12 July 19 words: Edward Jones

Nottingham Shakespeare Company are bringing Oberon, Puck, Bottom and the gang to various locations around the city... 

On a sunny summer evening, Nottingham Shakespeare Company entertain an audience of all ages with their energetic production of A Midsummer Night’s Dream.

A Midsummer Night’s Dream is perhaps one of Shakespeare’s most famous and widely loved plays, its story of how “the course of true love never did run smooth” between four young Athenians, of feuding fairies and magical transformations and of a hopeless local workers-come-performers continues to delight audiences.

This condensed ninety-minute performance fizzes with energy throughout, the cast absolutely at home in their temporary outdoor setting for the evening – here the D. H. Lawrence Pavilion at Highfields Park. It is a real delight, and a mark of the company’s success, to hear young children in the audience giggling away right up until the last minute of the piece. 

Nottingham Shakespeare Company succeed in making Shakespeare not only relevant to modern audiences, but accessible and thoroughly enjoyable for anyone

The show’s director, Michelle-Louise Wright, commands the stage both vocally and physically as the ever-confident Bottom, leading the mechanicals in their farcical exploits.
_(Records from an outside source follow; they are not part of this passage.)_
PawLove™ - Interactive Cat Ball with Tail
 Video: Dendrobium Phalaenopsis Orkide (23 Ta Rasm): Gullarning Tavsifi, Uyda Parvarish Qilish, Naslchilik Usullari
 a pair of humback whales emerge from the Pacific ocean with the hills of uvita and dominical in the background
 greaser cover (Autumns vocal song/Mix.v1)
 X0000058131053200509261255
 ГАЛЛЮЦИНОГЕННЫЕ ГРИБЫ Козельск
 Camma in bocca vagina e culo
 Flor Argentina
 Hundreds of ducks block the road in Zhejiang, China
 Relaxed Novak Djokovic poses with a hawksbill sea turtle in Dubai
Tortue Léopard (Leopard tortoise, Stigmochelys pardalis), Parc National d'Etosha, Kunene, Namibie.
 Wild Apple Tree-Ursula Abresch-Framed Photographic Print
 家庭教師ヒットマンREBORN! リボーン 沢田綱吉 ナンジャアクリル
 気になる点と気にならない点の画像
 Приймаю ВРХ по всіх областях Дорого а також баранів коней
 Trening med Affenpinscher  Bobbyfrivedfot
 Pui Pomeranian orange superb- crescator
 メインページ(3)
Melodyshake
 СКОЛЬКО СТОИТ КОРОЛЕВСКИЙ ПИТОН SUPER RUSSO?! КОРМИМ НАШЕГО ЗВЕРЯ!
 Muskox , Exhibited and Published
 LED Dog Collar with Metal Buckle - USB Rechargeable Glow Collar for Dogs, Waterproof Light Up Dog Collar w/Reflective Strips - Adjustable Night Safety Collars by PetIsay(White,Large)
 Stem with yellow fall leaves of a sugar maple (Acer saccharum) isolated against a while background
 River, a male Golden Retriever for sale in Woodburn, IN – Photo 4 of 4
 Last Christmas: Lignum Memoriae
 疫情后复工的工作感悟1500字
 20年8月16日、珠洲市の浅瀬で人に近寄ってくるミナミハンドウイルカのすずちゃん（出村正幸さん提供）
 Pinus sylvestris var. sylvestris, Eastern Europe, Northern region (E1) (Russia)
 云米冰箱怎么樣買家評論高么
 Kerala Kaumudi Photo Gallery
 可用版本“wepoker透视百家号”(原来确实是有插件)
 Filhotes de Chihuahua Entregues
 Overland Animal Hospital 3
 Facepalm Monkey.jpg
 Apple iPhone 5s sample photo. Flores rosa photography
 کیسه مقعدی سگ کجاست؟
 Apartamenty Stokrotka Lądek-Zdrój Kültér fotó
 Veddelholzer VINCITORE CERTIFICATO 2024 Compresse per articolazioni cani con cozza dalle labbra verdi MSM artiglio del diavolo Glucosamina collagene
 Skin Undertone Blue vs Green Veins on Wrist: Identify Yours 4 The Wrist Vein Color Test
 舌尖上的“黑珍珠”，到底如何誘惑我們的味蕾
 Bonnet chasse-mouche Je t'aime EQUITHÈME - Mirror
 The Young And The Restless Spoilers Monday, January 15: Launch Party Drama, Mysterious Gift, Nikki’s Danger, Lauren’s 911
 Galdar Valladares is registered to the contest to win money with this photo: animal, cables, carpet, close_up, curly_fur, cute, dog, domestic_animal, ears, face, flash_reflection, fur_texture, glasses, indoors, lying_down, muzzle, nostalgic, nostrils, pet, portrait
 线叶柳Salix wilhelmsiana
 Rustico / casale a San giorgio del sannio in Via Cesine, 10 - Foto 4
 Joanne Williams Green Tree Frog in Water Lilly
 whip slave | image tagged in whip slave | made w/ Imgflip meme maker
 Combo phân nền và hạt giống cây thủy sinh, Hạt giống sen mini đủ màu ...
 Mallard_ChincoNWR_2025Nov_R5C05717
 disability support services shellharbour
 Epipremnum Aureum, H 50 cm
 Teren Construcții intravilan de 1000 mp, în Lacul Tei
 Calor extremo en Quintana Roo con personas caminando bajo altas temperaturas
Cat Prescott makes a delightfully mischievous Puck, skipping around the outdoor stage on tip-toe like a gleeful child, clad, as the other fairies are, in steampunk gear. Lottie Martin also deserves great plaudits for her portrayal of Helena, earnestly heartbroken in her pursuit of Demetrius and delightfully angry when she believes both he and Lysander fall under Puck’s spell and are suddenly enamoured with her.  

The company’s motto of ‘Original practice, contemporary relevance’ is realised as Puck leads the company in a Shakespearean reworking of The Mama’s & The Papa’s California Dreamin’ as well as when Bottom later invites the audience to join in with her in the birdie dance.

Nottingham Shakespeare Company succeed in making Shakespeare not only relevant to modern audiences, but accessible and thoroughly enjoyable for anyone, regardless of their knowledge of Shakespeare.